### Your instructions
Below are some records. Write out exactly their lines from the one with "Bamboo & wicker chest of drawers" through the one with "User enjoying efficient", and leave the pictures behind.

***** Entries supplied

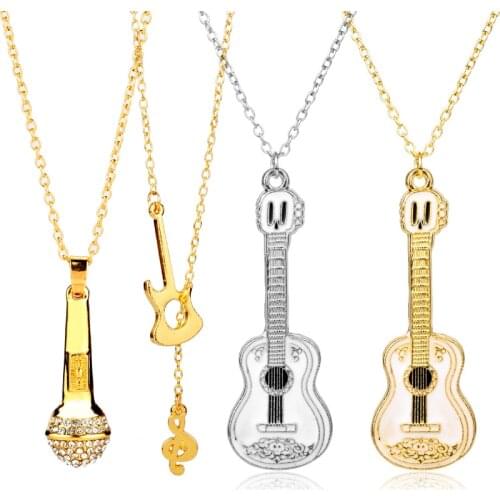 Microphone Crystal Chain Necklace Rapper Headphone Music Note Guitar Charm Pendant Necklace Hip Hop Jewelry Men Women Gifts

**********
***** Entries supplied

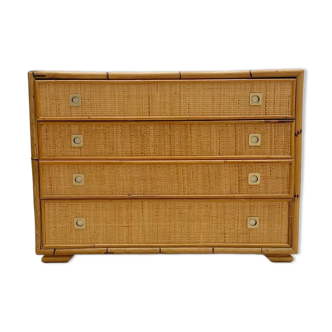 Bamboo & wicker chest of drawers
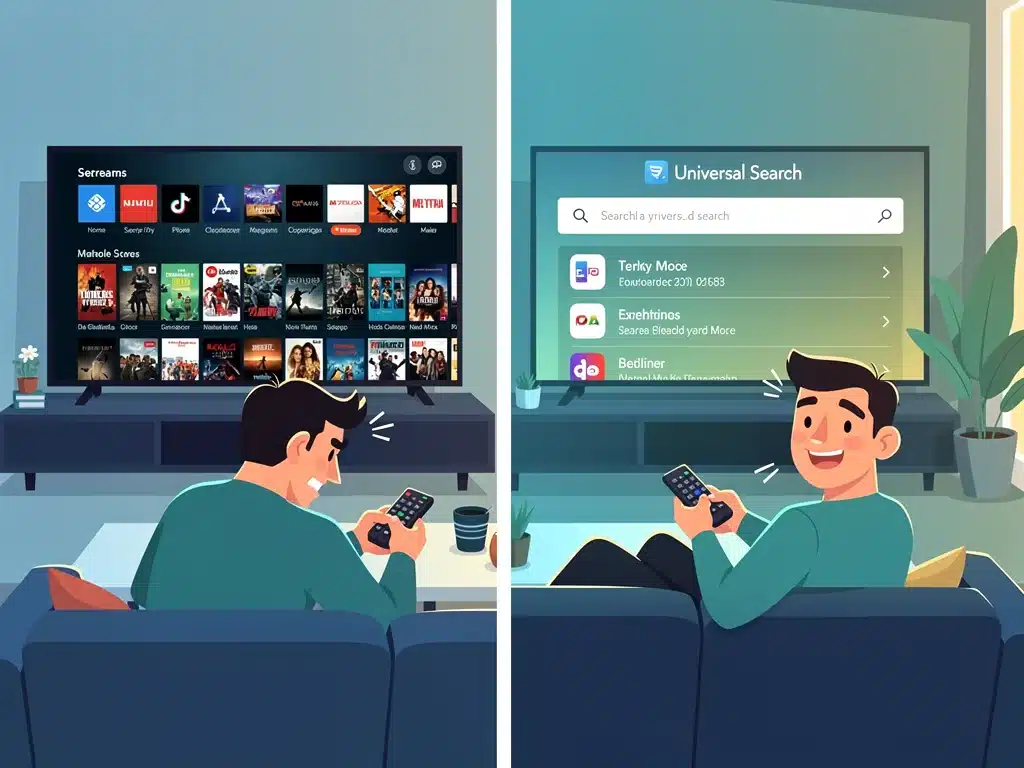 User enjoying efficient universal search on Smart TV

**********
***** Entries supplied

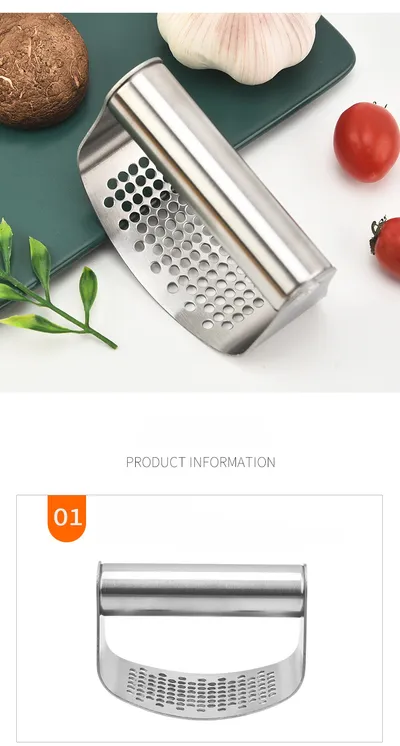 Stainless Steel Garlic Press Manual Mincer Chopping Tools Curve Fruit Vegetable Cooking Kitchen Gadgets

**********

### Expected answer
 Bamboo & wicker chest of drawers
 User enjoying efficient universal search on Smart TV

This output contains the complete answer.